Mentiremmo se scrivessimo che questa tappa di Rocca di Cambio ce l'aspettavamo così battagliata, ma il bello del ciclismo (dello sport tutto o quasi, in realtà) sta proprio nella sua imprevedibilità, laddove ti offre spunti e divertimento anche in quei giorni che sembrerebbero sulla carta meno adatti alla fantasia. 

Dice: tutto quest'entusiasmo solo per qualche scattino e per un ultimo chilometro particolarmente emozionante? Risposta: sì, se su salite come quella di oggi in passato il massimo che si sia visto è stata spesso una processione senza intrigo. Oggi invece, sia avvenuto per il fatto che le gambe erano fiaccate dalle fatiche di ieri, o perché eravamo in una delle poche tappe di salita con abbuono alla fine, la lotta non è mancata, nei termini che andiamo ad analizzare.

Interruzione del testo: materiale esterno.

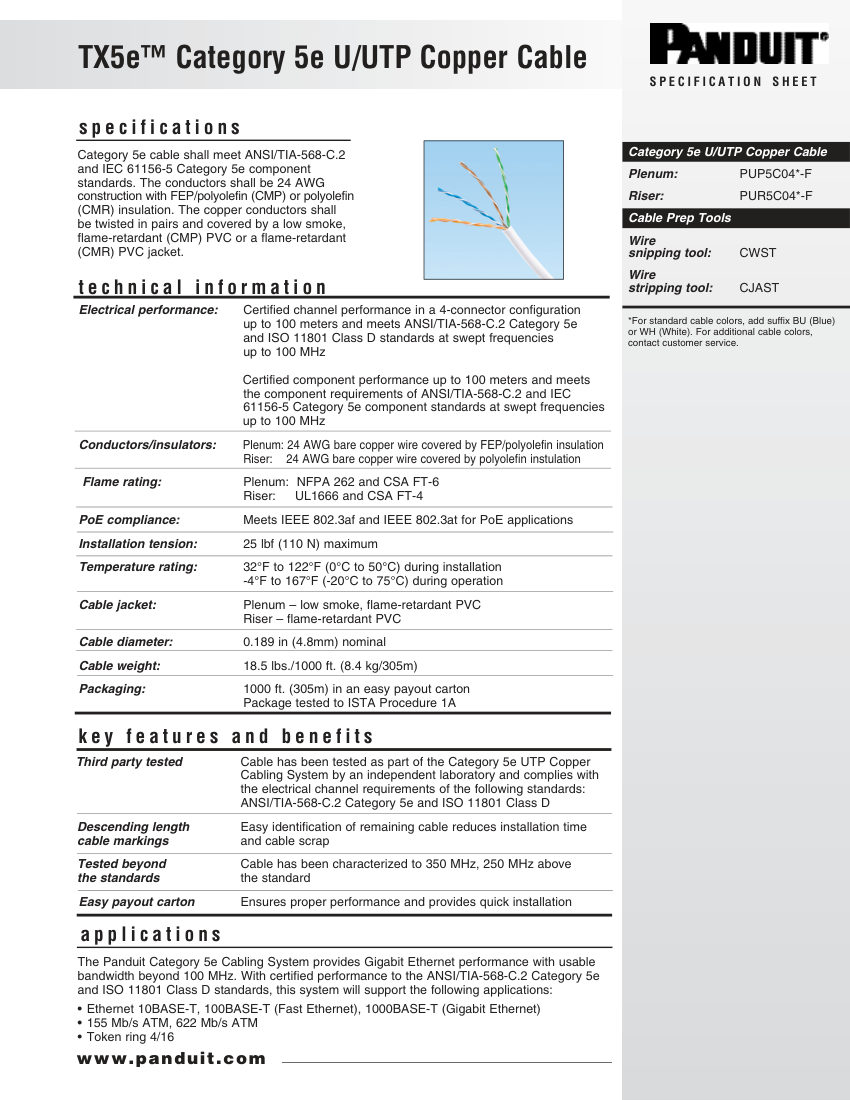 Panduit PUP5C04*-F cut sheet — first page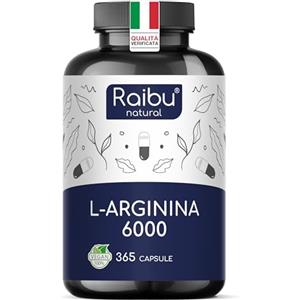 RAIBU L-Arginina - 365 Capsule Vegane - 6000 mg di L Arginina HCL Pura per Dose Giornaliera - Alto Dosaggio, Senza Additivi e Testato in Laboratorio - Naturale Integratore Alimentare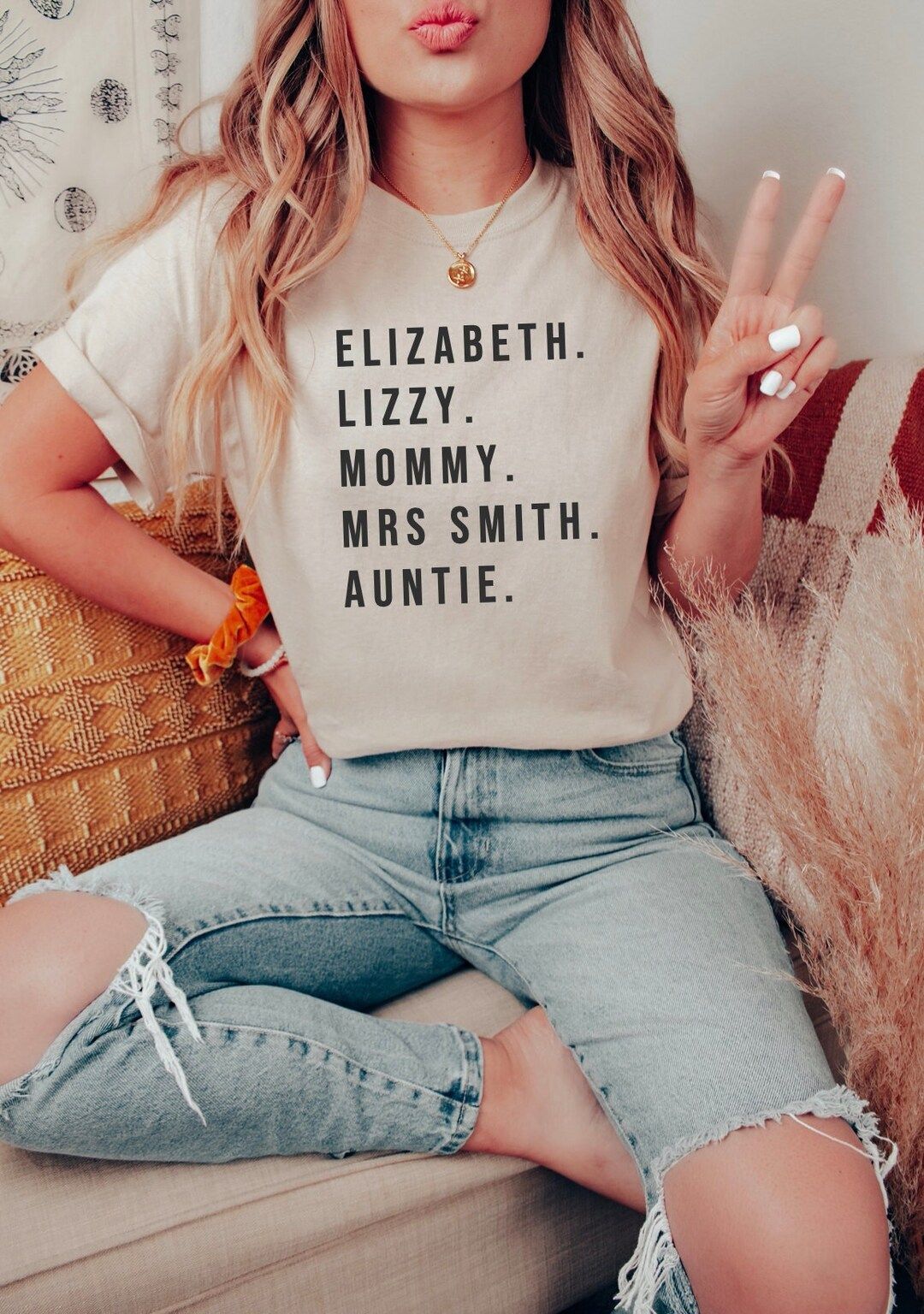 Custom Name Shirt Personalized Mom Gift Shirt Cute Womens - Etsy | Etsy (US)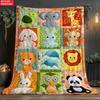 Ultra-Soft Farm Animal Print Throw Blanket - Cozy Cow, Pig, Sheep & Chicken Design Warm Plush for Couch, Bed All-Season Comfort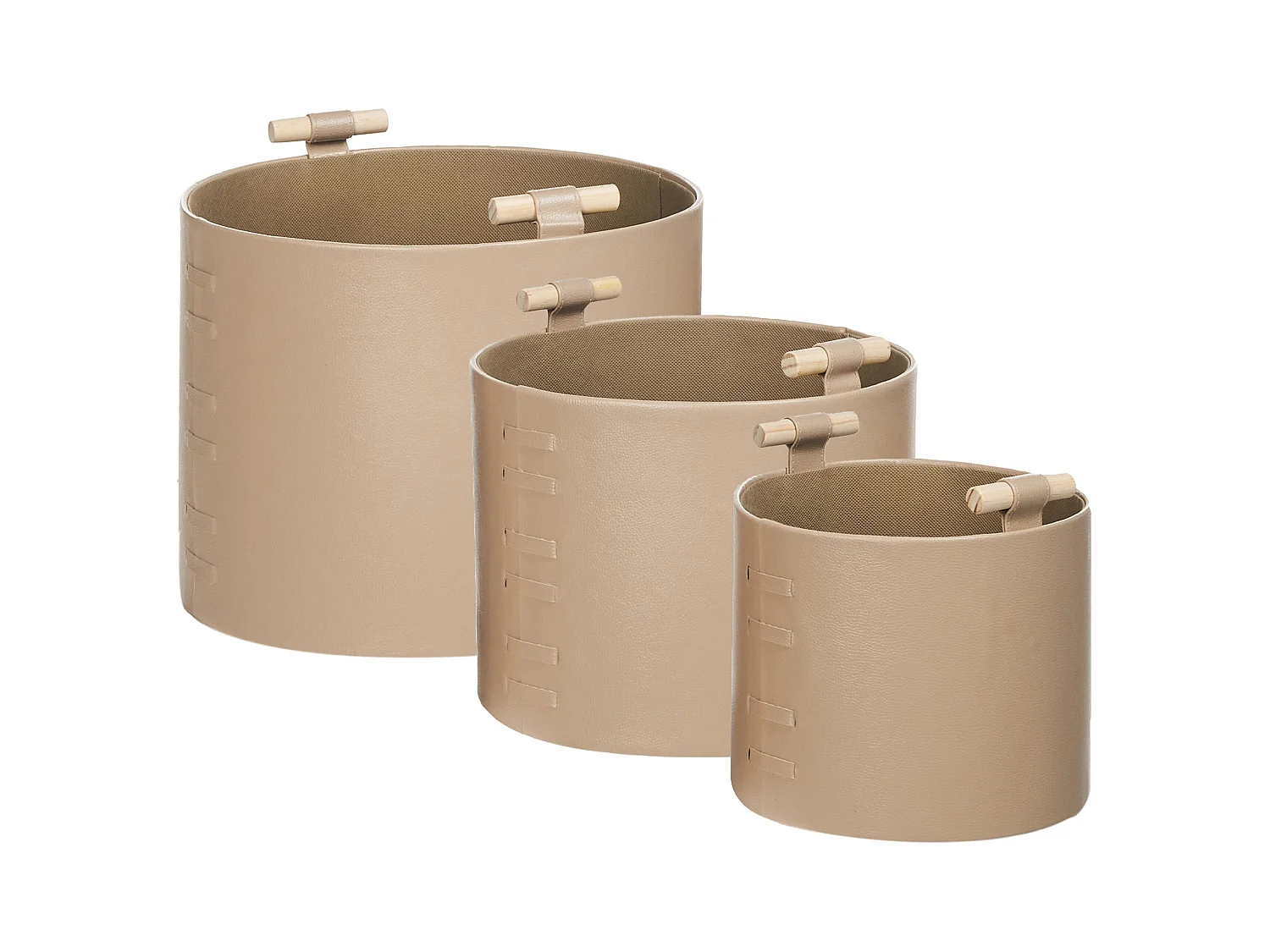Aufbewahrungskorb 3er Set ARAM Kunstleder Beige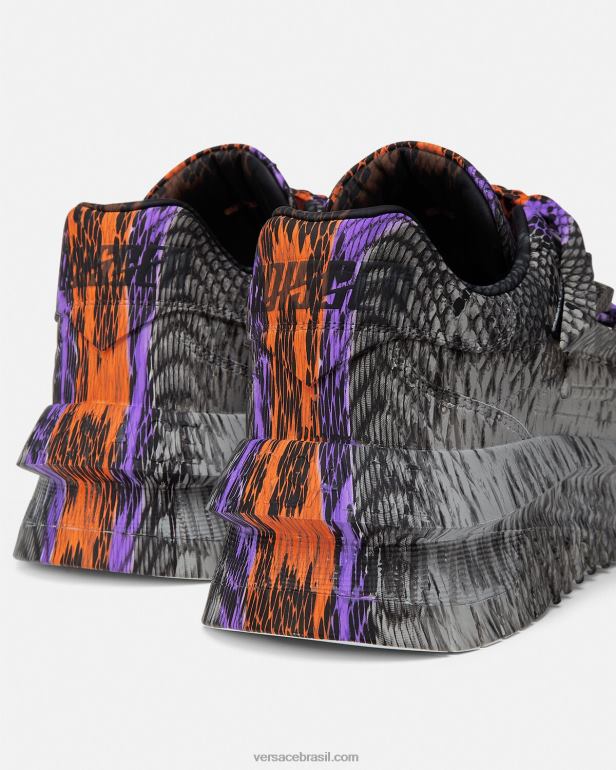 sapato P2TX1539 Versace tênis odissea com estampa python greca imprimir homens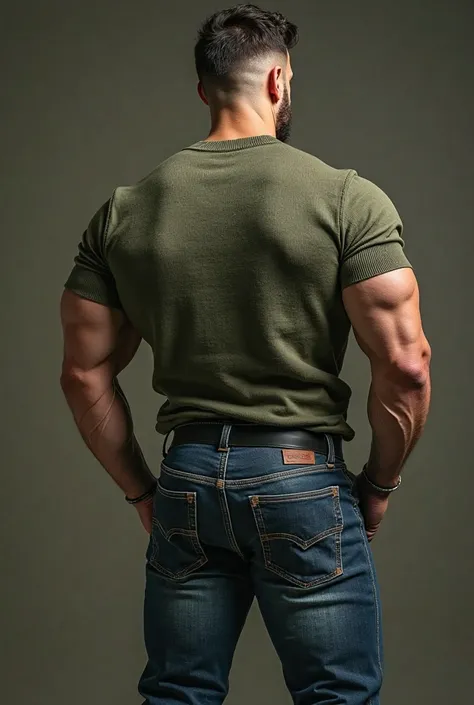  Handsome man, muscle shirt,  Men's and sexy with casual wear , with a modern,  Authentic and fashionable green  sweater ,  strong and muscular legs , large lump,  Ultra-realistic and detailed masterpiece in 8k with great detail in the office ,  close , bo...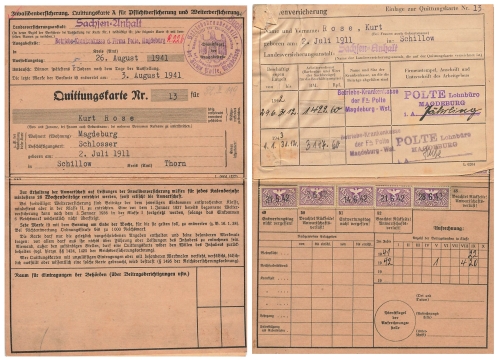 Disability insurance Saxony Anhalt receipt card company Polte Magdeburg 1941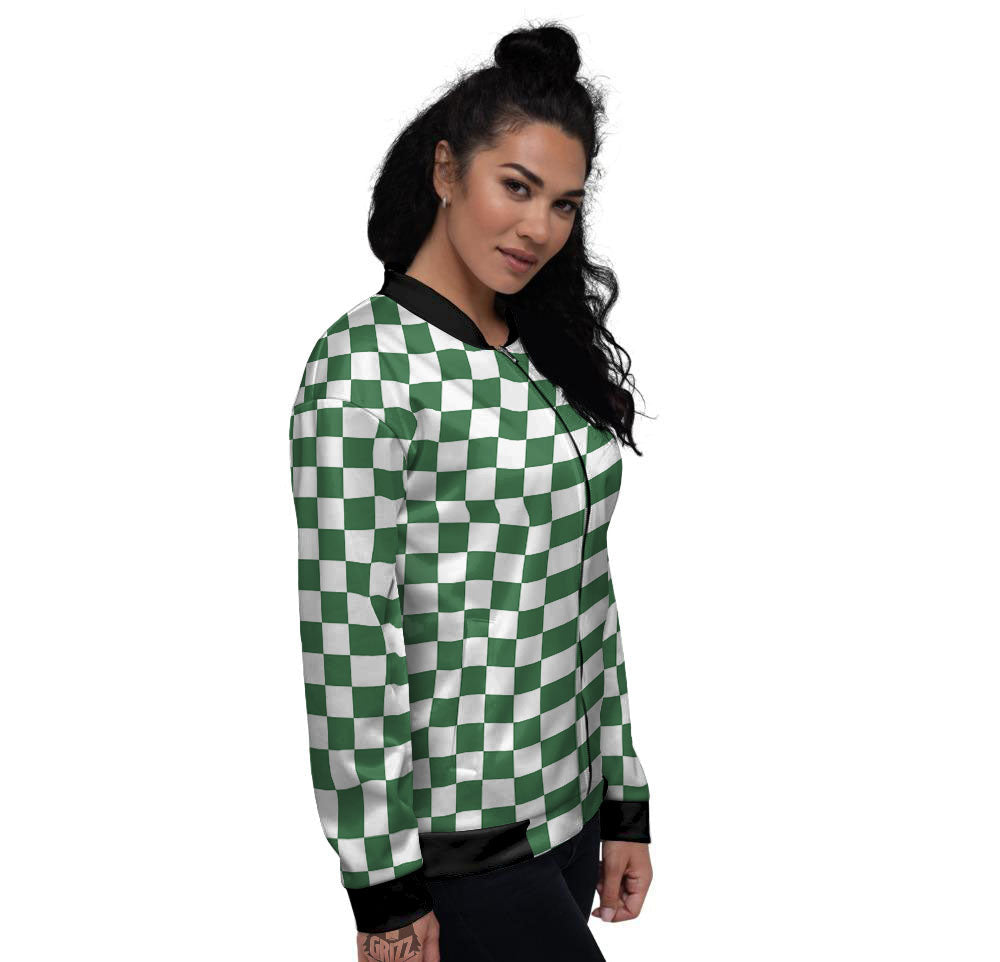 Checkered White And Green Print Pattern Women's Bomber Jacket-grizzshop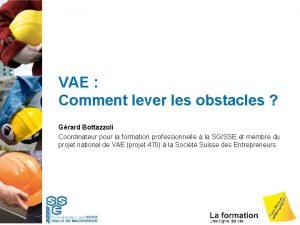 VAE Comment lever les obstacles Grard Bottazzoli Coordinateur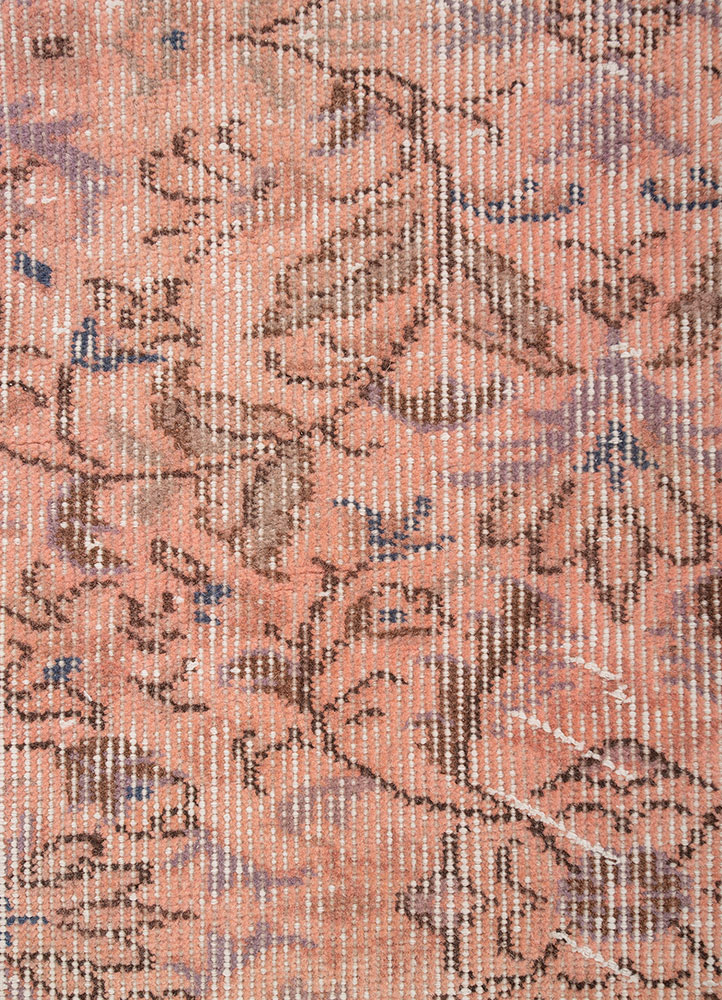 vintage pink and purple wool Hand Knotted Rug - CloseUp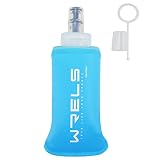 ソフトフラスク ハイドレーション ランニング ボトル 水筒 150ml/250ml/500ml 折りたたみ 防塵キャップ付き 軽量 トララン マラソン ハイキング 登山(水色,150ml)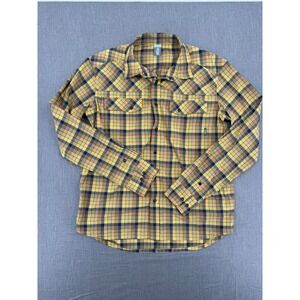 Stio Mens Yellow Blue Plaid Snap Front Long Sleeve Western Shirt Medium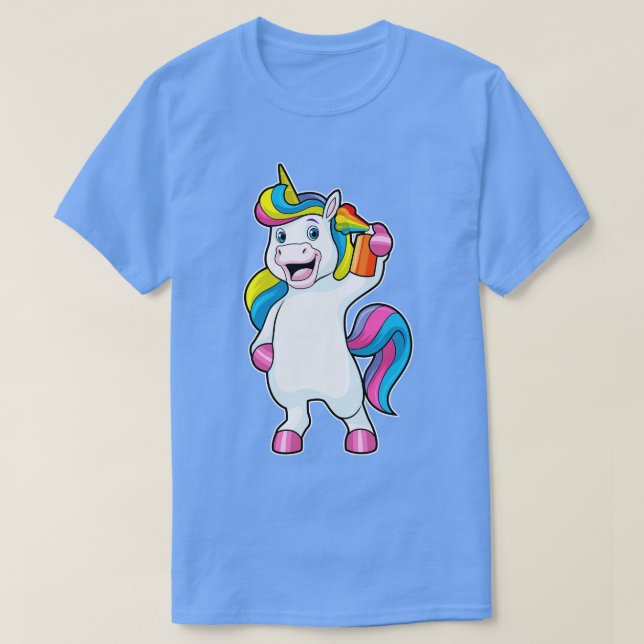 Camiseta Unicórnio como cabeleireiro com spray de cabelo (Frente do Design)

Come quasi ogni giorno quest'anno, la fuga è partita molto presto, al km 0 addirittura, animata dal più annunciato degli attaccanti di giornata, Matteo Rabottini, pescarese e quindi ansiosissimo di farsi vedere sulle strade di casa, e da Mirko Selvaggi, Reto Hollenstein e Fumiyuki Beppu il quale, per via di qualche bizzarria nel suo modo di correre (a zig zag senza motivo; oppure facendo una sorta di volata ogni volta che si metteva in testa al al quartetto per il suo turno a tirare), ha monopolizzato attenzioni e sorrisi per lunghe fasi della frazione (vincendo peraltro il primo Gpm di giornata, a Colle Galluccio, a poco più di 100 km dalla conclusione).

Fino alla salita finale, in effetti, non c'è molto altro da riportare, se non che la Garmin, con Hesjedal in odore di maglia rosa (visto che i due che lo precedevano in classifica, Malori e Golas, non davano le più ampie garanzie di tenuta sull'ascesa di Rocca di Cambio), si è assunta l'incarico di tirare negli ultimi 50 km per abbattere il distacco dai fuggitivi, dopo che per tutto il giorno era stata principalmente la Lampre di Scarponi e Cunego a lavorare in testa al gruppo.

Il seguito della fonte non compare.